**WORK REQUEST:**
All lines from the one bearing "Deconduarte Belle Maxi" through the end of the data below must be printed exactly as they stand, with pictures removed.

**PROVIDED DATA:**

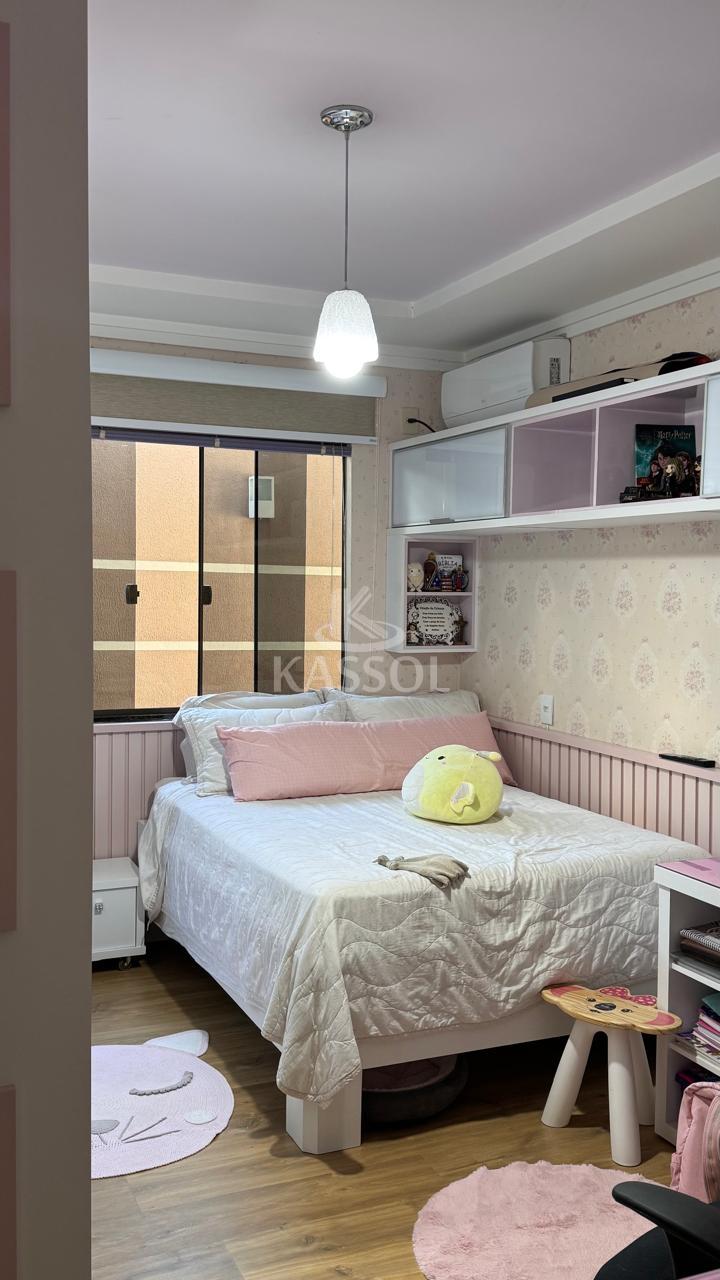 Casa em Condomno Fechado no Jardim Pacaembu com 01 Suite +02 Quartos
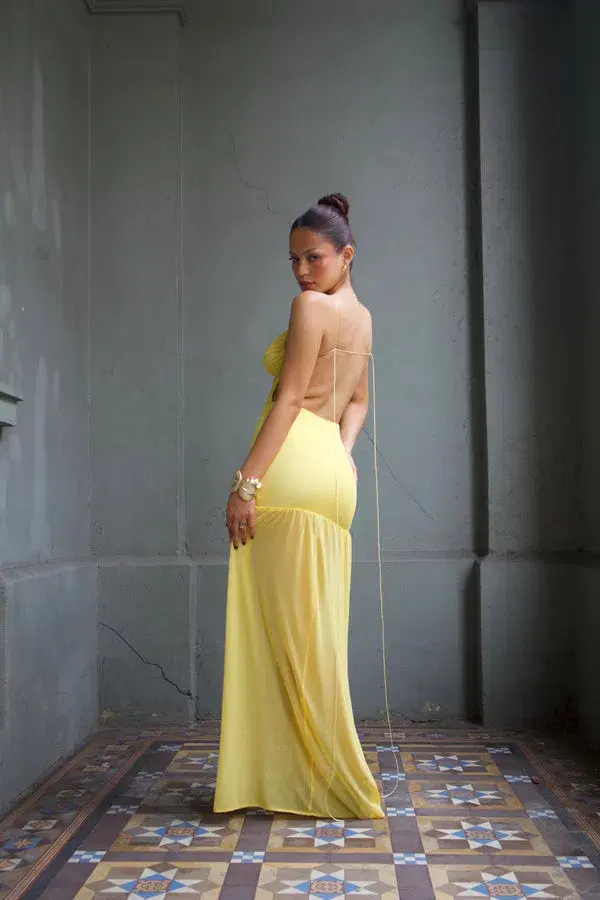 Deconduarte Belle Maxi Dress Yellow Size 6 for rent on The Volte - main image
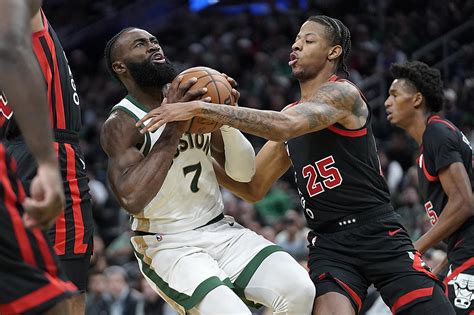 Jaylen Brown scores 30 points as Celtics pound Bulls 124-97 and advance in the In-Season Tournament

**THE COMPLETED TASK:**
 Deconduarte Belle Maxi Dress Yellow Size 6 for rent on The Volte - main image
 Jaylen Brown scores 30 points as Celtics pound Bulls 124-97 and advance in the In-Season Tournament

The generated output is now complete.